RAID Group Configuration

Four RAID 5 groups were used, each composed of 15 SSDs. RAID 5 was selected for its suitability for general purpose workloads. RAID 5 provides tolerance against a single disk failure. For best performance and capacity, RAID 5 groups should be sized to multiples of five or nine drives, so this group maintains a multiple of the preferred five-drive count. One LUN was created in each of the four RAID groups. The LUN was sized to either 50% of the RAID group (Best Practices) or 100% (Fully Allocated). For testing, the capacity of each LUN was fully utilized by VMmark virtual machines and randomized data.

            RAID Group Configuration VMmark Storage Comparison        VMmark Storage Pool Configuration Storage Comparison

Storage Pool Configuration

A single RAID 5 Storage Pool containing all 60 SSDs was used. Four thick LUNs were allocated from the pool, meaning that all of the storage space was reserved on the volume. LUNs were equivalent in size and consumed a total of either 50% (Best Practices) or 100% (Fully Allocated) of the pool capacity.

Storage Layout

Most of the VMmark storage load was created by two types of virtual machines: database (DVD Store) and mail server (Microsoft Exchange). These virtual machines were isolated on two different LUNs. The remaining virtual machines were spread across the remaining two LUNs. That is, in the RAID group case, storage-heavy workloads were physically isolated in different RAID groups, but in the storage pool case, all workloads shared the same pool.

Systems Under Test: Two Dell PowerEdge R720 servers
Configuration Per Server:  
     Virtualization Platform: VMware vSphere 6.0. VMs used virtual hardware version 11 and current VMware Tools.
     CPUs: Two 12-core Intel® Xeon® E5-2697 v2 @ 2.7 GHz, Turbo Boost Enabled, up to 3.5 GHz, Hyper-Threading enabled.
     Memory: 256GB ECC DDR3 @ 1866MHz
     Host Bus Adapter: QLogic ISP2532 DualPort 8Gb Fibre Channel to PCI Express
     Network Controller: One Intel 82599EB dual-port 10 Gigabit PCIe Adapter, one Intel I350 Dual-Port Gigabit PCIe Adapter

Each configuration was tested at three different load points: 1 tile (the lowest load level), 7 tiles (an approximate mid-point), and 13 tiles, which was the maximum number of tiles that still met Quality of Service (QoS) requirements. All datapoints represent the mean of two tests of each configuration.

VMmark Results

RAID Group vs. Storage Pool Performance comparison using VMmark benchmark

Across all load levels tested, the VMmark performance score, which is a function of application throughput, was similar regardless of storage provisioning type. Neither the storage type used nor the capacity allocated affected throughput.

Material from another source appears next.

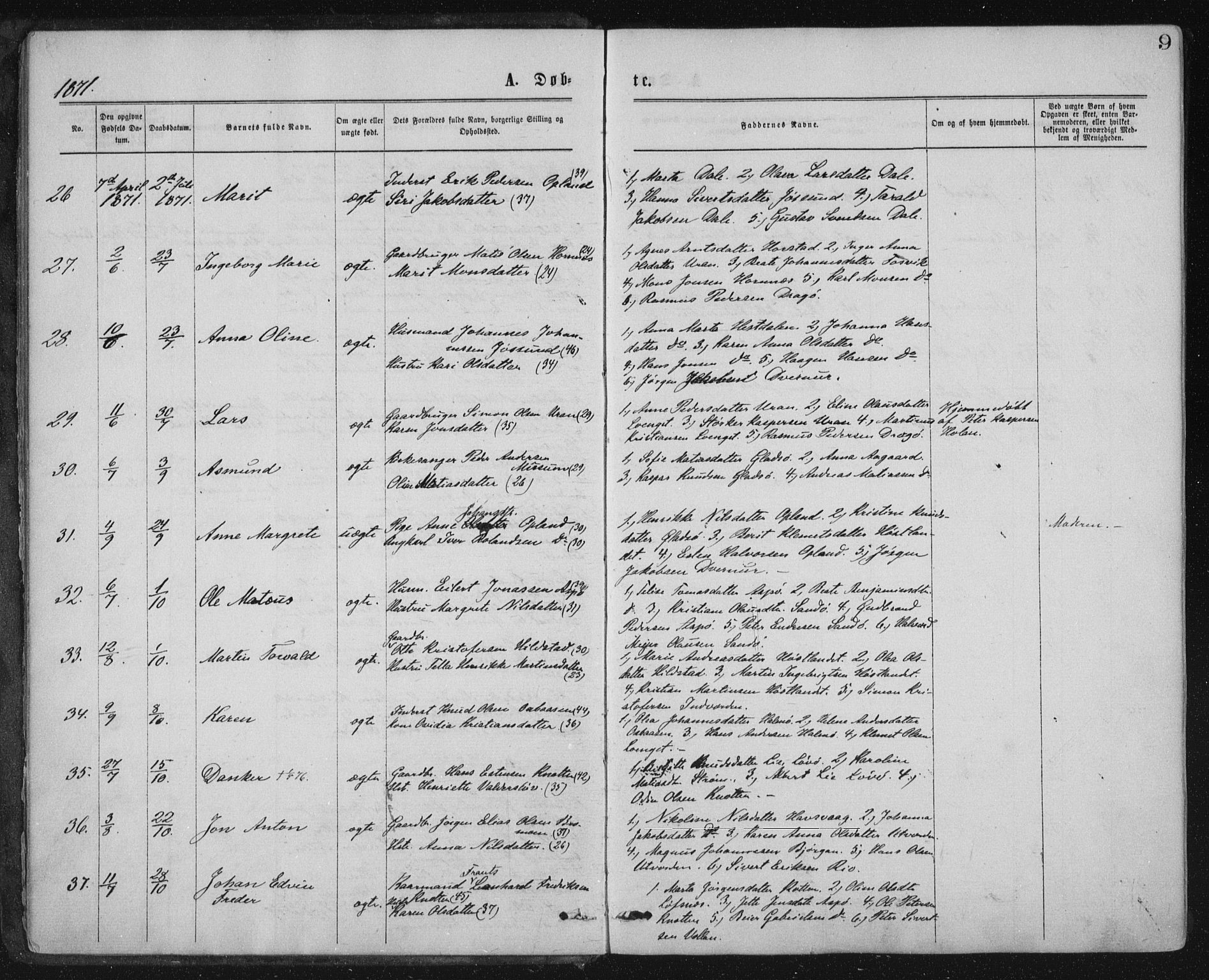 Ministerialprotokoller, klokkerbøker og fødselsregistre - Nord-Trøndelag, SAT/A-1458/771/L0596: Parish register (official) no. 771A03, 1870-1884, p. 9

VMmark 2.5 performance scores are based on application and infrastructure workload throughput, while application latency reflects Quality of Service. For the Mail Server, Olio, and DVD Store 2 workloads, latency is defined as the application’s response time. We wanted to see how storage configuration affected application latency as opposed to the VMmark score. All latencies are normalized to the lowest 1-tile results.

Storage configuration did not affect VMmark application latencies.

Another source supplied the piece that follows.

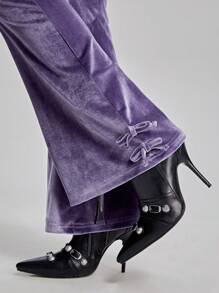 SHEIN 青少年女孩高腰弹力腰喇叭腿纯色裤子 - 淺灰紫 - 查看 5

Application Latency in VMmark Storage Comparison RAID Group vs Storage Pool

Lastly, we measured read and write I/O latencies: esxtop Average Guest MilliSec/Write and Average Guest MilliSec/Read. This is the round trip I/O latency as seen by the Guest operating system.

VMmark Storage Latency Storage Comparison RAID Group vs Storage Pool

No differences emerged in I/O latencies.

I/O Analyzer with Iometer Testing

In the second set of experiments, we wanted to see if we would find similar results while testing storage using a synthetic microbenchmark. I/O Analyzer is a tool which uses Iometer to drive load on a Linux-based virtual machine then collates the performance results. The benefit of using a microbenchmark like Iometer is that it places heavy load on just the storage subsystem, ensuring that no other subsystem is the bottleneck.

Configuration

Testing used a VNX5800 array and RAID 5 level as in the prior configuration, but all storage configurations spanned 9 SSDs, also a preferred drive count. In contrast to the prior test, the storage pool or RAID group spanned an identical number of disks, so that the number of disks per LUN was the same in both configurations. Testing used nine disks per LUN to achieve greater load on each disk.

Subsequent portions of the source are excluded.